Masque of the Red Death, The

 In plague-ravaged medieval Italy, Prince Prospero (Vincent Price) invites his disgusting aristocratic friends to a lavish ball at his impregnable palace. The first of Roger Corman’s Vincent Price-Edgar Allan Poe Gothic horror films to be made in Britain, Masque breaks with the comedy of the previous entry (The Raven) to deliver a remarkable entertainment which is as much homage to Ingmar Bergman’s The Seventh Seal as adaptation of Poe’s baroque fable. There’s a 1964 youth-appeal sub-plot about an innocent abducted girl (Jane Asher, looking very maidenly) and her revolutionary love interest (kids who grew up on these films would march against their governments), but the film is more interested in the corrupt luxury of a doomed ancient regime who throw a party while peasants suffer and die outside the walls.

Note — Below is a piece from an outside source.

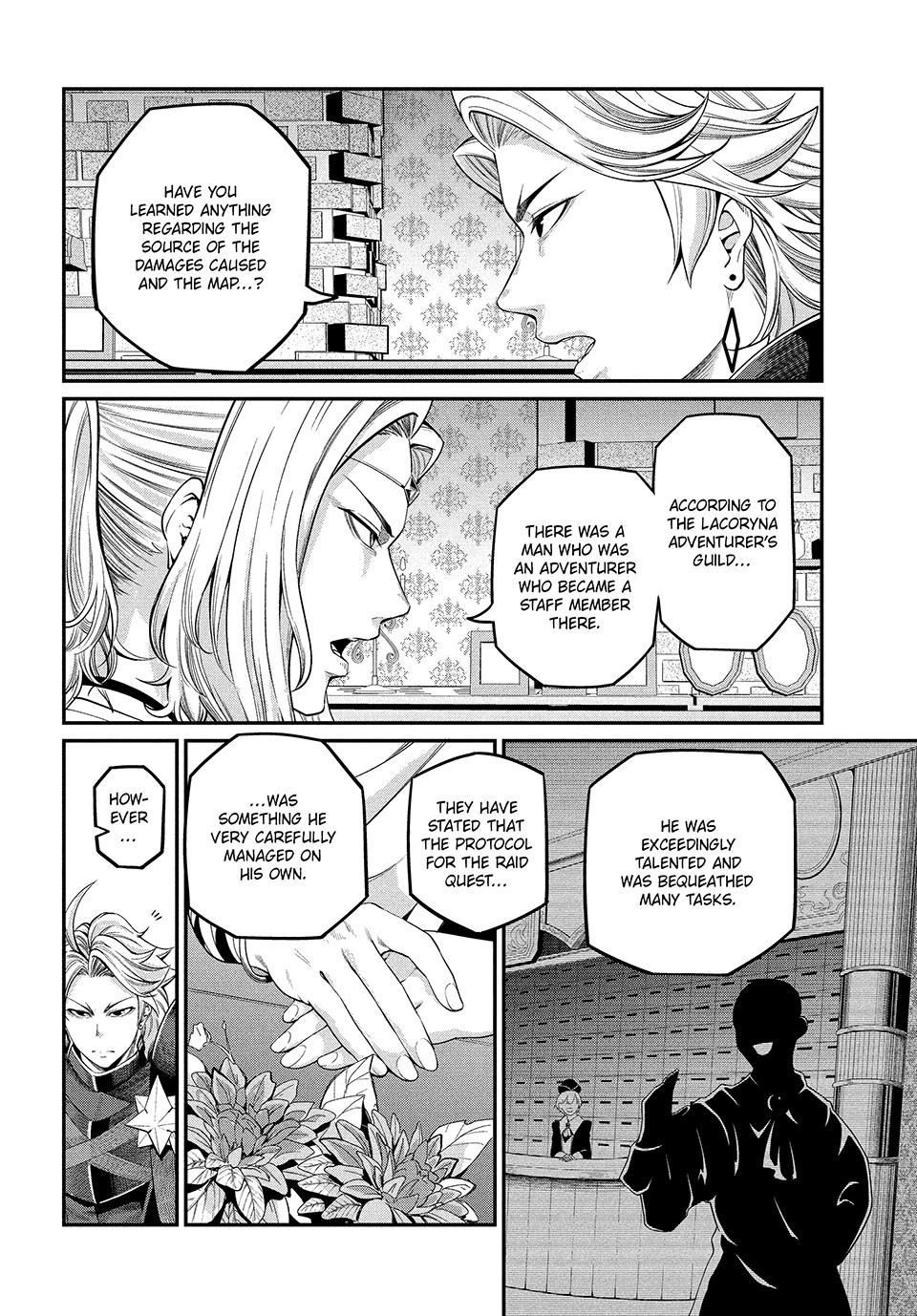 The Exiled Heavy Knight Knows How to Game the System Chapter 65 — page 4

Price twitches his moustache with elegant, weary cynicism as the diabolist whose misdeeds are always designed to teach a lesson and savours dialogue so ripe it’s on the point of rotting. He also arches an eyebrow at lesser villains who miss the philosophical point of wickedness and display naked self-interest that earns them brutal deaths: Patrick Magee is dressed as an ape and burned alive by a dwarf jester (an import from Poe’s story ‘Hop-Frog’) while Hazel Court brands her swanny cleavage in tribute to Satan before being clawed by a falcon.

Finally, Death himself (John Westbrook) invades the palace and spreads a deadly contagion in a beautifully choreographed dance of horrors. Cinematographer Nicolas Roeg is encouraged to add his own flourishes, including long tracks through a succession of differently coloured rooms (an image which Roeg restaged in The Man Who Fell to Earth), while the even shock effects have a daring sensuality. Toss aside that blurry pan ’n’ scan cassette, and fill a widescreen monitor with these ravishing visuals.

Creepy Price in all his gnarled splendour.